Anak yang penuh semangat, kreatif, senang mencoba hal-hal baru dan memiliki banyak inisiatif, lebih mudah mendapat label nakal dan bandel dari orang tua karena cenderung lebih sering membuat kesalahan. Berbeda dengan anak yang pasif dan tenang. Meskipun bisa jadi, dia tenang karena tidak pernah diberi kebebasan untuk bereksplorasi secara aman. Mungkin dia sering diam (di depan orang tua), karena sistem kecemasannya mengatakan bahwa jika dia banyak bergerak, orang tua akan marah dan dia akan dihukum.

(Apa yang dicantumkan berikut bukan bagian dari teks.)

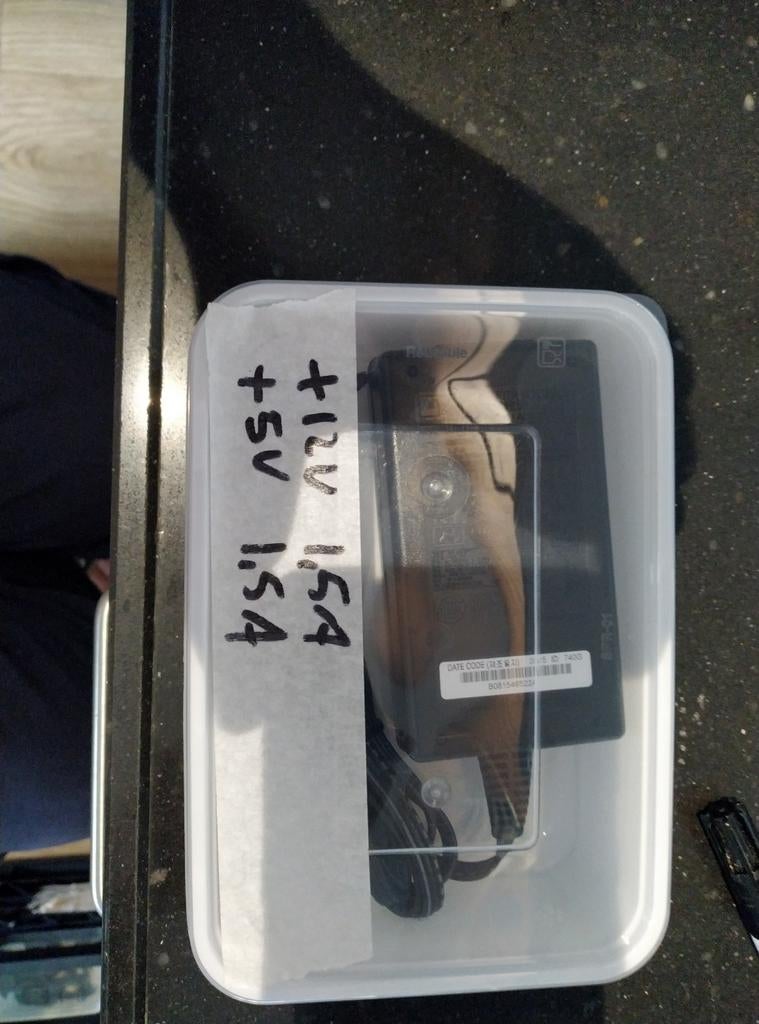 Adapter 12V 1.5A / 5V 1.5A, Ophalen of Verzenden, Gebruikt, Unknown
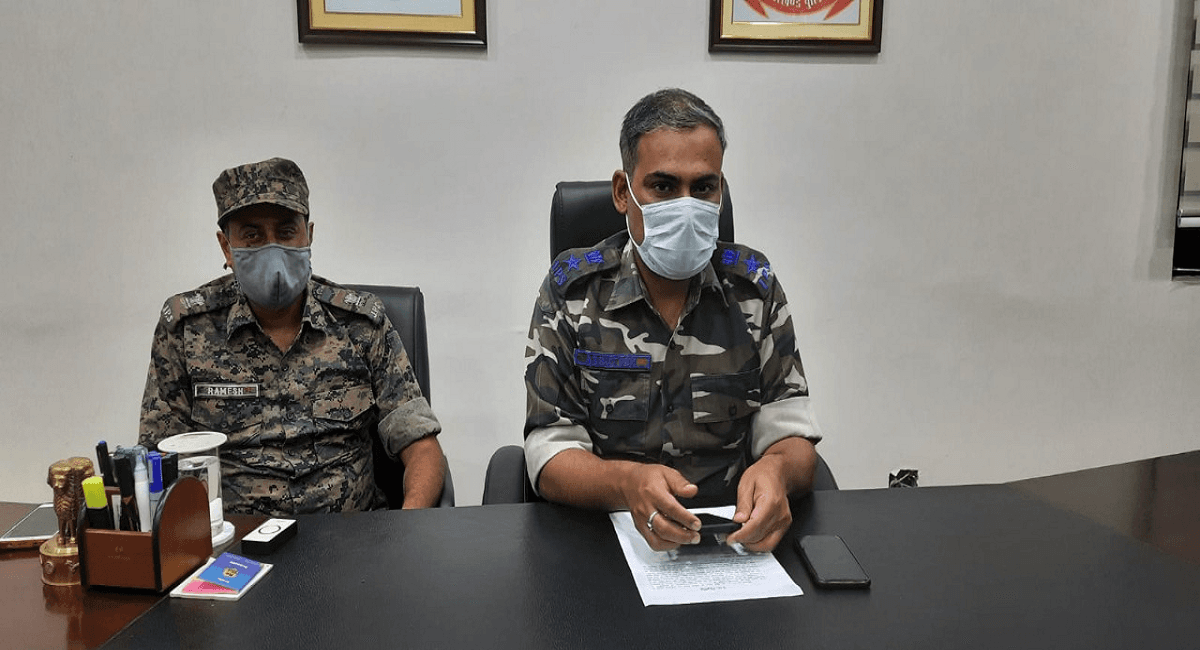 Jharkhand News: झारखंड में पुलिस-नक्सली मुठभेड़, हथियार बरामद, भाग निकला पीएलएफआई सुप्रीमो दिनेश गोप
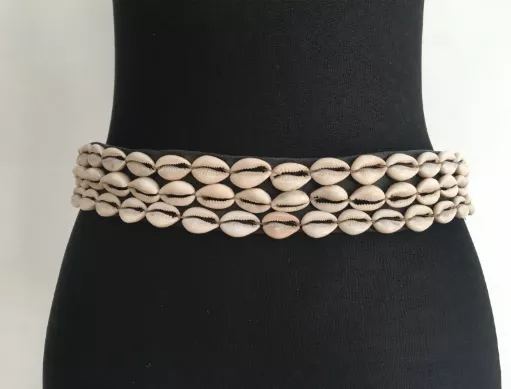 Bijoux Marocain Ceinture refaite avec de véritables coquillages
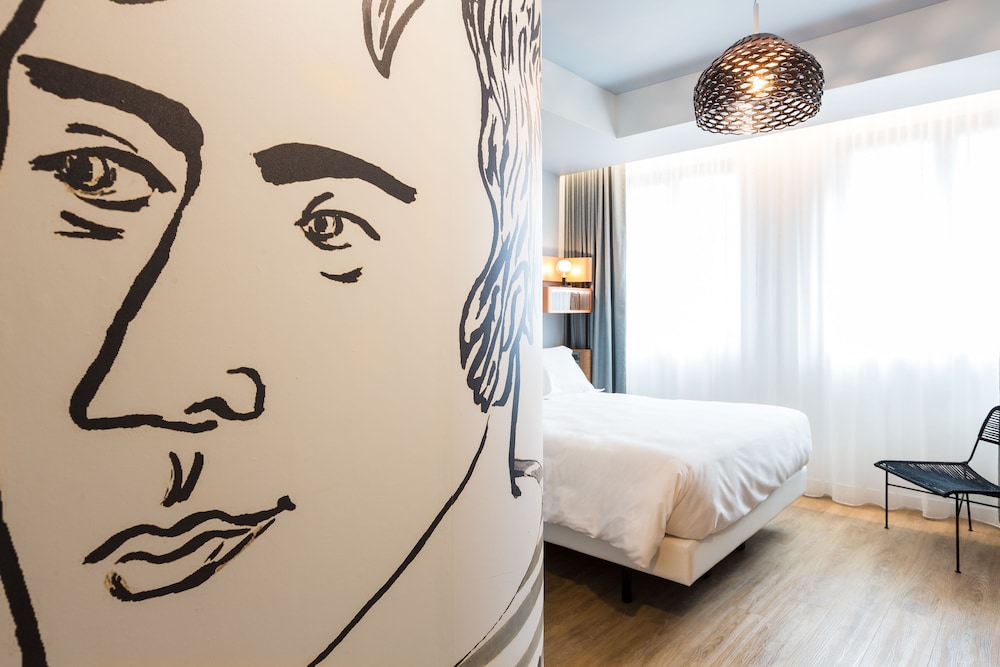 golden tulip saint malo le grand be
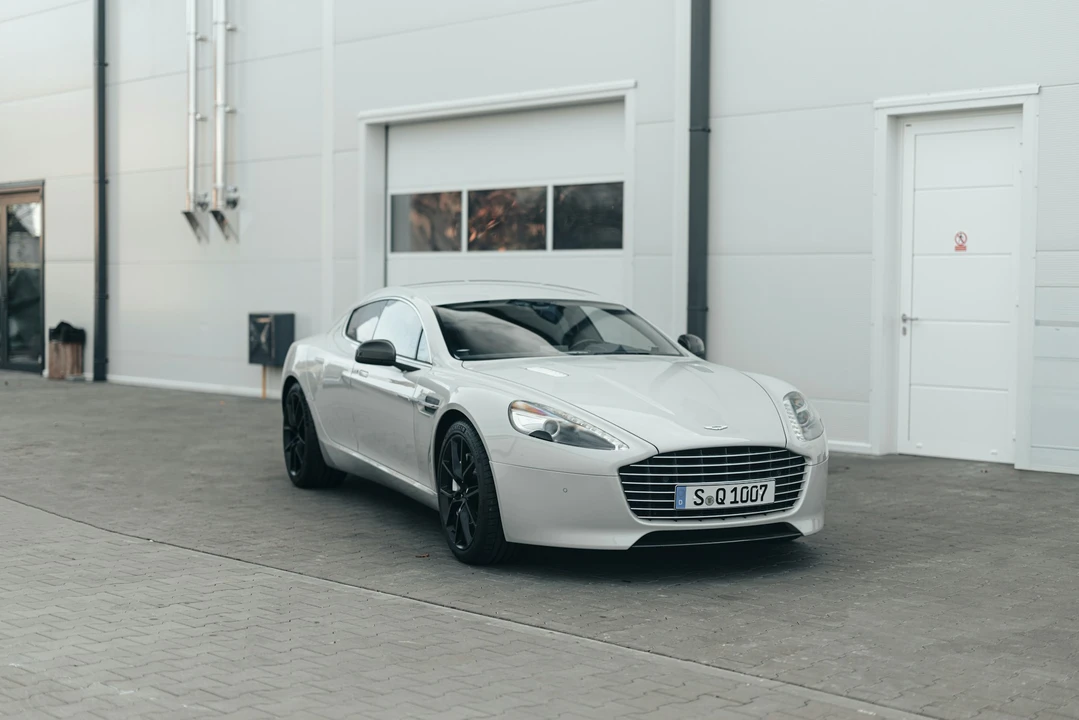 2013 Aston Martin Rapide - Image 16 of 21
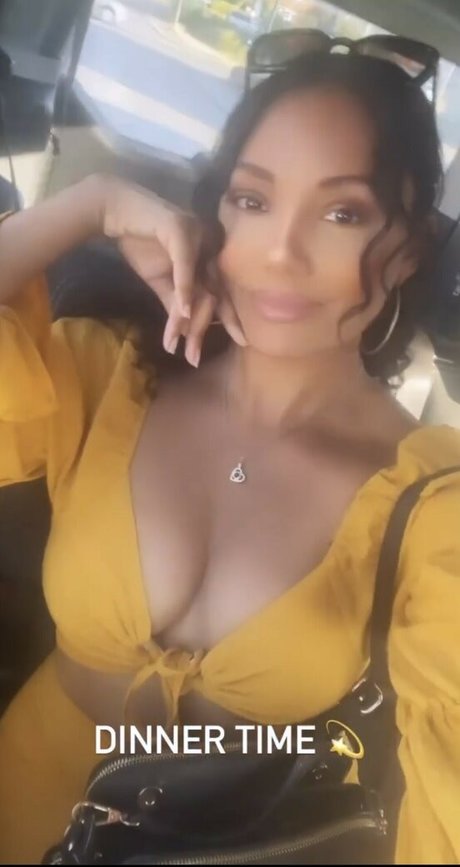 Chian Reynolds star nude pics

Anak yang diberi label sebagai nakal ini kemudian dalam jangka waktu lama percaya bahwa dirinya selalu salah, tidak patuh, merepotkan, dan bukan anak yang baik. Ia selalu merasa sebagai anak penuh kesalahan dan hidup penuh rasa bersalah. Padahal di hatinya, ia juga menyimpan perasaan kecewa sebagai anak yang tidak dipahami. Ia tidak pernah diberi kesempatan untuk mengevaluasi kembali perasaannya, bahwa ia hanya melakukan kesalahan dan itu wajar. Ia masih sedang belajar, belum mengerti cara terbaik menurut pandangan orang tuanya lebih baik.
John Bowlby, seorang psikolog asal Inggris, menciptakan Teori Keterikatan yang menjelaskan hubungan emosional dan ikatan antar manusia secara psikologis. Teori ini menyebutkan bahwa ikatan pertama yang terbentuk antara anak dan pengasuh utamanya, biasanya orang tua, memiliki dampak besar yang berlangsung sepanjang hidup. (sumber: verywellmind.com)
Ikatan emosional yang stabil (secure attachment) tercipta ketika anak merasa dilindungi, diterima, merasa aman, dan menerima cinta tanpa syarat, seperti harus cerdas, harus taat, atau selalu hebat dan lain sebagainya.
Sebaliknya, keterikatan yang tidak aman (insecure attachment) terjadi ketika orang tua bersikap tidak konsisten, sering mengkritik, membatasi, penuh kendali, atau mengabaikan kebutuhan emosional anak. Kecemasan ini justru memicu sifat menentang, pemberontakan, dan tampak seperti anak yang tidak patuh. Padahal, perilaku tersebut sebenarnya merupakan bentuk ekspresi dari kebutuhan emosional dan validasi yang belum terpenuhi oleh orang tua.
Bagaimana jika orang tua melakukan kesalahan?
Jika kita melihat dari sudut pandang yang berbeda: Bagaimana jika orang tua salah, karena tidak melakukan pencegahan dengan memberikan pemahaman dan pendidikan yang tepat?
Bagaimana jika orang tua mengajarkan hal yang baik tetapi secara tidak sadar melakukan dan menjadi contoh yang buruk di depan anak?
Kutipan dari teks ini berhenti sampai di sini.